Publicado Quinta, 10 Maio 2018 17:20

Drª. Priscila Saleme / Médica infectologista e coordenadora de vacinas do Hermes Pardini.

Quando se prepara para a chegada de um bebê, são inúmeras as tarefas relacionadas ao planejamento. A escolha do nome, a decoração do quarto, a compra do enxoval e das fraldas, a preparação da mala da maternidade.

Enfim, a família passa os nove meses se organizando para receber um novo membro.

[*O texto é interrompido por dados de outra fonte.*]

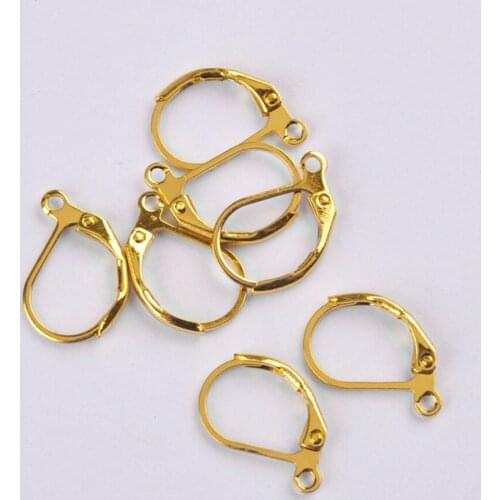 1000pcs Gold Plated Earrings Jewelry Components Handmade Beadings Findings Earring Leverback Earwire Clasps&Hooks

No entanto, muitas vezes, a preocupação com a proteção contra doenças infectocontagiosas restringe-se apenas a higienizar as roupas e brinquedos e exigir a lavagem das mãos das pessoas que irão visitar o bebê. Há algum tempo, o Centro de Controle e Prevenção de Doenças Infecciosas (CDC) defende a importância de um planejamento relacionado à vacinação da família. A estratégia Cocoon, palavra que significa casulo em inglês, consiste na vacinação de todas as pessoas que irão ter contato frequente com o recém-nascido para evitar a transmissão de doenças, dentre elas, a coqueluche. Esse cuidado é importante, pois o recém-nascido apresenta um sistema de defesa imaturo e muitas vacinas só poderiam ser administradas a partir dos dois meses de vida. Assim, como esses bebês estariam mais expostos a infecções nesse período, ao se vacinar os cuidadores, é possível promover uma espécie de casulo de proteção contra doenças ao redor do bebê.

Atualmente, já existe uma recomendação mais consagrada de vacinar a gestante contra a coqueluche, a partir da vigésima semana de cada gestação, e contra a gripe, a qualquer momento. Por outro lado, pouco se fala sobre o fato de que os principais transmissores dessas doenças são as pessoas que apresentam contato mais próximo aos bebês como os pais, irmãos, avós e outros que cuidem da criança. Nesse contexto, portanto, o CDC recomenda que a vacinação de todos os cuidadores contra essas mesmas doenças esteja atualizada, além da mãe. Caso uma dessas vacinas esteja em atraso, para obtenção de proteção adequada, deve-se ser vacinado com um intervalo mínimo de duas semanas antes de entrar em contato com o bebê.

Para se obter uma proteção ainda mais completa, poderíamos extrapolar a recomendação mínima feita pelo CDC relacionada à vacinação de todos os membros da família também contra a meningite e a pneumonia, doenças que podem ser transmitidas por meio de pessoas consideradas portadores inativos das bactérias que as causam e, portanto, podem disseminar alguns germes mesmo não estando doentes.

No entanto, apesar de bem definida, a prática dessa estratégia apresenta ainda o obstáculo de conscientização. Muitos adultos ainda não compreendem a importância da vacinação enquanto forma de proteção individual, quanto mais para promover uma proteção indireta de outra pessoa. Como na maioria das casas ainda não se consegue promover esse casulo de proteção do recém-nascido, a vacinação da gestante permanece como medida mais eficaz de proteção na atualidade, seja pela proteção individual, seja pela transferência de anticorpos maternos contra a coqueluche através da placenta. No entanto, como a ação desses anticorpos maternos após o nascimento não é duradoura, a vacinação do bebê nas datas preconizadas pelos calendários de vacinação das principais sociedades médicas é uma medida fundamental para que a própria criança já comece a desenvolver a sua própria proteção.